KiloCore Pushes On-Chip Scale Limits with Killer Core
We have profiled a number of processor updates and novel architectures this week in the wake of the Hot Chips conference this week, many of which have focused on clever FPGA implementations, specialized ASICs, or additions to well-known architectures, including Power and ARM.
Among the presentations that provided yet another way to loop around the Moore’s Law wall is a 1000-core processor “KiloCore” from UC Davis researchers, which they noted during Hot Chips (and the press repeated) was the first to wrap 1000 processors on a single die. Actually, Japanese startup, Exascaler, Inc. beat them to this with the PEZY-SC (a 28nm MIMD processor with 1024 cores and has rankings on the Green 500 and a few machine wins in the country).
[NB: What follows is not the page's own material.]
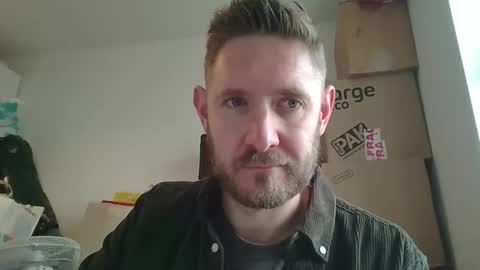 Snapshot of dirtylondon729 chatting on May 11, 2026, 12:33 pm Exhibitionist Ben online show from May 11, 2026, 12:33 pm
This hiccup aside, the MIMD-based KiloCore approach is interesting–and has some noteworthy results compared to similar efforts.
KiloCore, has proven successful on both energy consumption and performance fronts. As one of the leads, Dr. Bevan Baas, shared from Hot Chips, the processors-per-die curve has remained relatively static over the last several years—with KiloCore representing a huge leap in the chart below.
The trajectory above is nothing new for Dr. Bevan Baas, who has spent decades immersed in low-power, high-performance processor design before becoming a professor at UC Davis. In the late 80s he was one of the designers of a high-end minicomputer in HP’s Computer Systems Division, before joining Atheros Communications, where he helped develop the first IEEE 802.11a wifi LAN. He now focuses on algorithms, architectures and circuits as part of the VLSI Computation Lab at UC Davis.
“KiloCore has been designed with the needs of computationally-intensive applications and kernels in mind. It is meant to act as a co-processor within a larger system and isn’t intended to run an operating system itself. There could be some cases in applications or systems where it could act as a sole processor, but they wouldn’t be general purpose systems,” Baas explains.
Each processor holds up to 128 instructions (and those larger are supported for the processors next to a shared memory block). Those are modified during application programming and stacked during runtime. The idea is to program them at once, stack them together, and let them go, Baas says. Applications can also optionally request that processors be reprogrammed during runtime based on signals from the processors—so a processor might get to a point in execution and send a package to the administrator with a reprogramming request. Alternately, groups of processors can do the same. “Most applications we have tested don’t’ use or need this feature, but it is possible,” Baas notes.
Data is passed via messages between processors (which means they don’t need to hop through a processor’s memory). The messages move from processor A’s software to the other’s software. At its simplest, it is a read/write with synchronization step between the processors, which is part of what makes it possible to scale to thousands, or even tens of thousands of processors, with the programmer needing to worry about synchronization routines and the like—the goal is that “they sort themselves out,” according to Baas.
One final word about programming. The way applications are implemented fits the architecture well. They are broken down into min-programs that are 128 words or less via a set of steps where the small programs are isolated down to coarse-grained tasks, task code is partitioned into serial code blocks, and parallelizable code blocks are replicated. Ultimately, this means a KiloCore array can run several different tasks at once, as seen in the example pictured. This sounds easy enough in a brief explanation, but one has to imagine there’s some significant development overhead.